Journal
NOTES ON ‘ADVANCED PRACTICES’
Weitian Liu
PhD Scholar,
Goldsmiths, University of London
It hasn’t been easy for me to explain to people what kind of PhD I am doing. This is in part due to the name of the programme, which I tend not to include in brief introductions for fear of causing confusions. Sometimes I mention the name of the department instead—Visual Cultures—with the caveat that as a ground-breaking department its scope and ambition go far beyond what is literally suggested by its name. Sometimes I fall back on Art History or Curatorial Studies, simply because it’s convenient to be associated with an established discipline or field of study. But rarely do I tell people that I’m doing a PhD in Advanced Practices.
An elaborate account is always attempted—full of detours and without guaranteed success—every time I take up the challenge of explaining my understanding what AP is and does. For one thing, ‘Advanced Practices’ as a programme name does not signify any field of knowledge, and therefore some explication is needed in order to differentiate it from notions of disciplinary knowledge. For another, the notion of ‘practice’ as advanced by AP is so elusive that the more straightforward use of practice in the case of ‘art practices’ no longer applies.
What, then, do we mean by practice? I am afraid as a student of AP I do not have any conclusive answer to give here. In fact, working without a given definition of practice seems to be precisely what unites the various practices of the programme’s participants.
It was not until the beginning of my second year that it occurred to me the word ‘advanced’ in AP is actually a past particle indicating the state of being advanced, that is, being put forward.

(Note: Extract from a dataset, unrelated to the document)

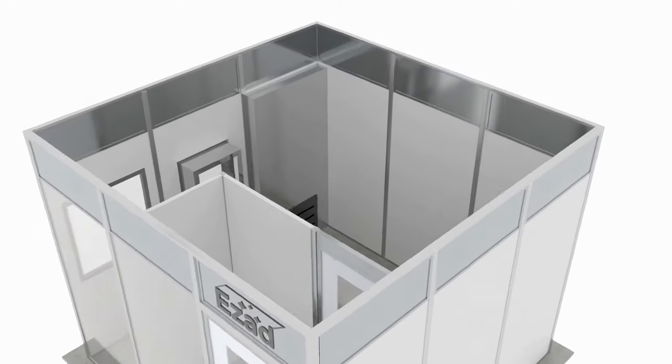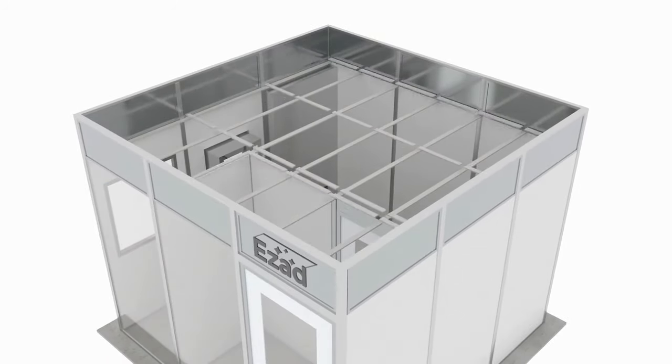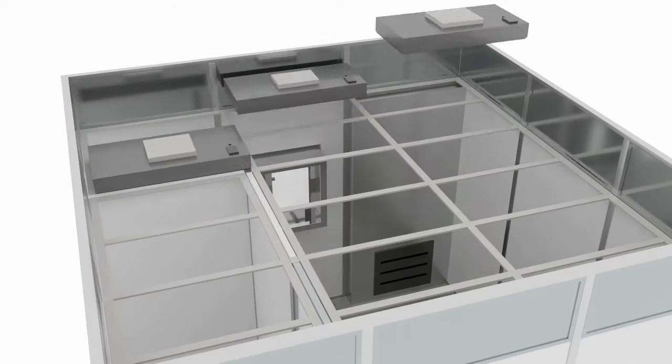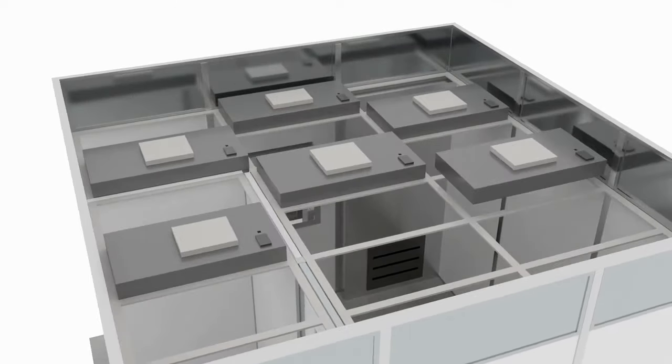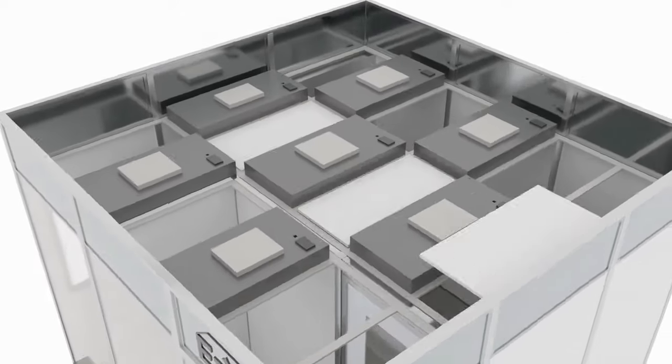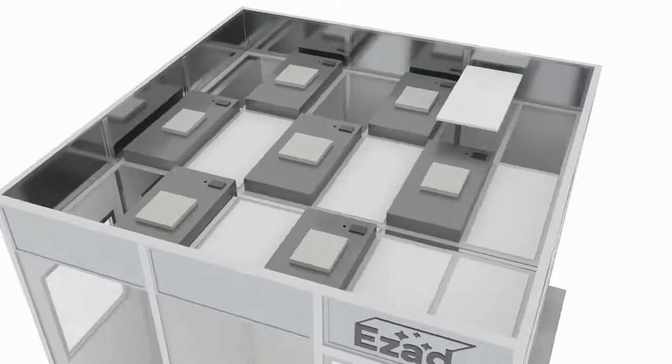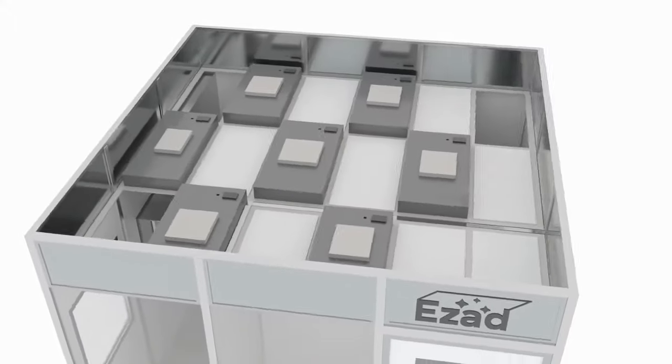Ceiling grids are robust coated steel frames that hold the HEPA fan filter modules and LED light panels. Finally, cleanroom ceiling tiles are placed to complete the system.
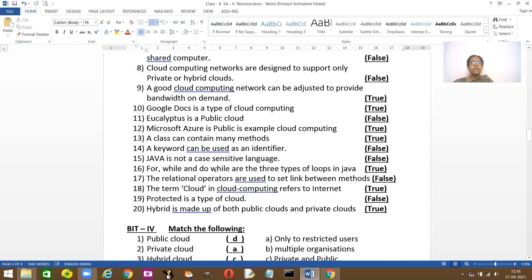For, while and do are the three types of loops. Yes, true. Relational operators are used to set links between methods. False. They have to compare two different aspects. The term cloud in cloud computing refers to internet. Yeah, it is internet. Cloud computing is nothing but internet. Protected is a type of cloud. Not protected. Protected as a service should be there. So false. Hybrid is made up of both public clouds and private clouds. Yes, true.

In other words, rather than following and excelling in an existing professional path, what constitutes a practice for AP is the gesture of advancing something as a practice, a gesture that is itself an undertaking and a commitment.
Participating in the AP programme therefore is neither about accumulating knowledge nor about fulfilling duties prescribed by academia or what is known as the art world. Without losing sight of the actual working of these increasingly professionalised realms, I find myself in a productive process of unlearning through which I have come to forge a new relationship to contemporary art.
This relationship is informed by the transnational experience of working between China and London, an experience that entails moving constantly between, on the one hand, a place in which contemporary art remains indeterminate as a notion and infrastructurally precarious as a field, and, on the other hand, an overly professionalised and institutionalised contemporary art paradigm.[i] For me, this embodied experience marks a site of struggle brimming with anticipations, misapprehensions, anxiety, thwarted belongingness, and half-formed trajectories.[ii] It is from a reckoning with this site of struggle that my PhD research with AP proceeds. As for the practice, my long-term project is committed to finding a form that allows the proposed relationship to contemporary art to be conceptualised and actualised.
[i]I am currently based in London, but my editorial work at Qilu Criticism keeps me connected to China’s contemporary art scene and the debates therein.